Can you describe how it works? You must be aware of it.”
Everything
was turning light and frothy like a magical cake icing. The barkeep
was chatting up the fellows at his counter, the card players exhaled in
cheery gusts of laughter, and the waitresses flounced around like so
many sunny meadow flowers. I didn’t see the harm. “I do sense things.
Always have.”
“What
kind of things?” Peter and Alyse asked in tandem. Their unexpected
accord matched the soprano voices singing harmoniously in and around my
head.
I giggled again. “Do you hear them?”
“Hear what?” Peter looked around, spooked.
“Children, little voices.”
Alyse’s brows creased. “What are they saying?”
“They’re
singing.” But the entire mood of the room had changed in an instant.
Their radiant energy soured. The children of the ether weren’t singing
any more. They were starting to weep, over something very sad.
Over me.
How
did I know this? No idea. A hard frost shot through my bones. I took a
big gulp of the absinthe. Perhaps it would block out the voices, the
wailing of innocents.
“What
is it?” Peter took my hand.
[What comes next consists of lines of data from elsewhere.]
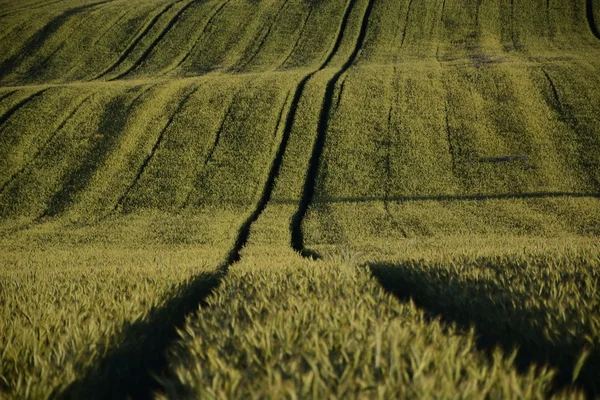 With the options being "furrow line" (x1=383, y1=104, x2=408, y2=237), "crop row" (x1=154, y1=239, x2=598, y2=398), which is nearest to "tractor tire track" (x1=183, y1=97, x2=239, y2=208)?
"furrow line" (x1=383, y1=104, x2=408, y2=237)

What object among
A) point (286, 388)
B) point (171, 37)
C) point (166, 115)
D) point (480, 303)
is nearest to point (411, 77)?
point (166, 115)

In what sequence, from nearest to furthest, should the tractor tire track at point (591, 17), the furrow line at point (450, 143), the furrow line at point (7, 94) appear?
1. the furrow line at point (450, 143)
2. the furrow line at point (7, 94)
3. the tractor tire track at point (591, 17)

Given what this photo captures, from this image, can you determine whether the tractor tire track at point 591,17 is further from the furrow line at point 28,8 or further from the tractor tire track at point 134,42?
the furrow line at point 28,8

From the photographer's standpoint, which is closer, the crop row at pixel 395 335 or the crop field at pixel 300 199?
the crop row at pixel 395 335

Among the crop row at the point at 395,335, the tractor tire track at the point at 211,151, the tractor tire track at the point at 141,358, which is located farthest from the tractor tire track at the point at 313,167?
the crop row at the point at 395,335

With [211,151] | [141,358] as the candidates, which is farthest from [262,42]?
[141,358]

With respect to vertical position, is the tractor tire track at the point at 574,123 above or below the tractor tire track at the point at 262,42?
below

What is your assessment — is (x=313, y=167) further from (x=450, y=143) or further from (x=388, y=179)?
(x=450, y=143)

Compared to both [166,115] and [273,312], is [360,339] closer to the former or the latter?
[273,312] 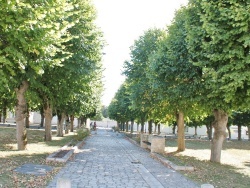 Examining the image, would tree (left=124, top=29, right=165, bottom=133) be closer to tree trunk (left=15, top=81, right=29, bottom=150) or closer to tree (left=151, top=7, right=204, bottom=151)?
tree (left=151, top=7, right=204, bottom=151)

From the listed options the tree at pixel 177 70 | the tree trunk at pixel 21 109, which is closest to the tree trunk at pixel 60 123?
the tree trunk at pixel 21 109

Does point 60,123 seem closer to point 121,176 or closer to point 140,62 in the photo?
point 140,62

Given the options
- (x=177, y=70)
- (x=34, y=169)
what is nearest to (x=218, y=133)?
(x=177, y=70)

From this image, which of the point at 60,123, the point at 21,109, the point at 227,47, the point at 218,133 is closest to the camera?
the point at 227,47

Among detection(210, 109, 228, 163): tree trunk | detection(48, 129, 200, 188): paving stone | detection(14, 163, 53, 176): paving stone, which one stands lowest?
detection(48, 129, 200, 188): paving stone

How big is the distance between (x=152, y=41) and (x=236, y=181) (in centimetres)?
1800

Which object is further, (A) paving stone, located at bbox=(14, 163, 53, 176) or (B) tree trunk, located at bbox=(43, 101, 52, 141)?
(B) tree trunk, located at bbox=(43, 101, 52, 141)

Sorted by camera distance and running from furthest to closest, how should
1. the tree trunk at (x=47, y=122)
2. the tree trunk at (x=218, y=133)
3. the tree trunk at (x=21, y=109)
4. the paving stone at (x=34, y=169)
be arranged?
the tree trunk at (x=47, y=122), the tree trunk at (x=21, y=109), the tree trunk at (x=218, y=133), the paving stone at (x=34, y=169)

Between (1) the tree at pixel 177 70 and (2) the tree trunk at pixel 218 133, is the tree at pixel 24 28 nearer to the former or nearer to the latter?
(1) the tree at pixel 177 70

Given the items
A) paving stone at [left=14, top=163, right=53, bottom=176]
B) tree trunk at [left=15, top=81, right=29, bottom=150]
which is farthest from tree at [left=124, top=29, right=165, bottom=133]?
paving stone at [left=14, top=163, right=53, bottom=176]

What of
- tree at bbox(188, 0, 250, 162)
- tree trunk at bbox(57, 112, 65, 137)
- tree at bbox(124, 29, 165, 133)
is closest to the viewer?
tree at bbox(188, 0, 250, 162)

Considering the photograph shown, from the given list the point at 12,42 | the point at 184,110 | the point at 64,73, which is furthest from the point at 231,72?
the point at 184,110

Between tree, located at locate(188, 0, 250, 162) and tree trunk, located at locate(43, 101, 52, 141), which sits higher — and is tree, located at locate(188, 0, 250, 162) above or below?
above

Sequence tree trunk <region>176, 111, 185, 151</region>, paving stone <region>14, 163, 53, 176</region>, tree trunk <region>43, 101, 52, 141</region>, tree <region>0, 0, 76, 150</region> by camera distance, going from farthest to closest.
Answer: tree trunk <region>43, 101, 52, 141</region>, tree trunk <region>176, 111, 185, 151</region>, paving stone <region>14, 163, 53, 176</region>, tree <region>0, 0, 76, 150</region> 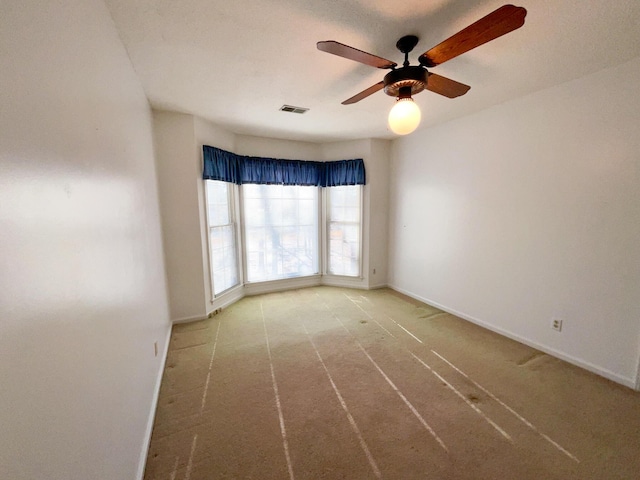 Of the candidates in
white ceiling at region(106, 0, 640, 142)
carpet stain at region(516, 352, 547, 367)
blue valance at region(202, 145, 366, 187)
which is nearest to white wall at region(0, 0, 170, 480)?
white ceiling at region(106, 0, 640, 142)

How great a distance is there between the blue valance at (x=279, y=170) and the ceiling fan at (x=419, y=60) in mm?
2151

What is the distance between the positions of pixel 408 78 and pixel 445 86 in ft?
1.33

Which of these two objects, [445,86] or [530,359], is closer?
[445,86]

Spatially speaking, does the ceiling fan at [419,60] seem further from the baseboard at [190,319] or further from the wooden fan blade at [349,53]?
the baseboard at [190,319]

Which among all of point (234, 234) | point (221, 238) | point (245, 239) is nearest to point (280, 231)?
point (245, 239)

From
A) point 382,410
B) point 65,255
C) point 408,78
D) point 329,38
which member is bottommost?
point 382,410

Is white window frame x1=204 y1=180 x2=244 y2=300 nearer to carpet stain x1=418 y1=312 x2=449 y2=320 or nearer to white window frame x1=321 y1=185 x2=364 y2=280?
white window frame x1=321 y1=185 x2=364 y2=280

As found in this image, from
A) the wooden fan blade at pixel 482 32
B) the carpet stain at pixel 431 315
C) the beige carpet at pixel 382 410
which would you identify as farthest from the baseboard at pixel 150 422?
the carpet stain at pixel 431 315

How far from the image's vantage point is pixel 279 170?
4.02 metres

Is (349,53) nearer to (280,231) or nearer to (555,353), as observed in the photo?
(280,231)

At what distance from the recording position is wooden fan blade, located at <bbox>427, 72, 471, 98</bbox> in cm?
171

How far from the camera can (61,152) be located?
83cm

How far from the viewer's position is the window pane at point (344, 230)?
439 centimetres

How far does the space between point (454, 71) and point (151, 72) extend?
2456 millimetres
His concerned touch cut through the
horrible, chilling ache and melted me. “What’s the matter, Fiera?” His
face paled, and right then, I knew he heard them too. “They’re crying,
aren’t they?” he whispered in my ear, tickling my soft lobe. “Crying
over you.”
“Yes.” I leaned on him, letting the voices cry for me.
We
hugged and I swear I felt his sudden, hot tears melt through the
shoulder fabric of my dress. It was infinitely sad, infinitely tender.
The
invisible cherubs whirring inside my head took translucent form and
slipped out of me. They soared around the room like hardscrabble
angels, flitting past Dulcie as she danced; sliding, their soft baby
feet gliding over the long bar counter, and right through the man with
the hookah. He glanced up for a moment as if he, too, felt the
supernatural breeze. Then he bowed his head back down and took a
pensive draw on his smoking device. Eyes closed, I saw green paisleys
and floating leaves, the rushing of a cold stream bubbling under me,
which filled me with terror. I came to with a gasp.
“What
is it?” Alyse asked. How could I tell her of this suffering, shot
through with spectacular floating objects, and my strange, sudden
affinity with Mr. Dune?
“I see children weeping,” I admitted. “They’ve been hurt.”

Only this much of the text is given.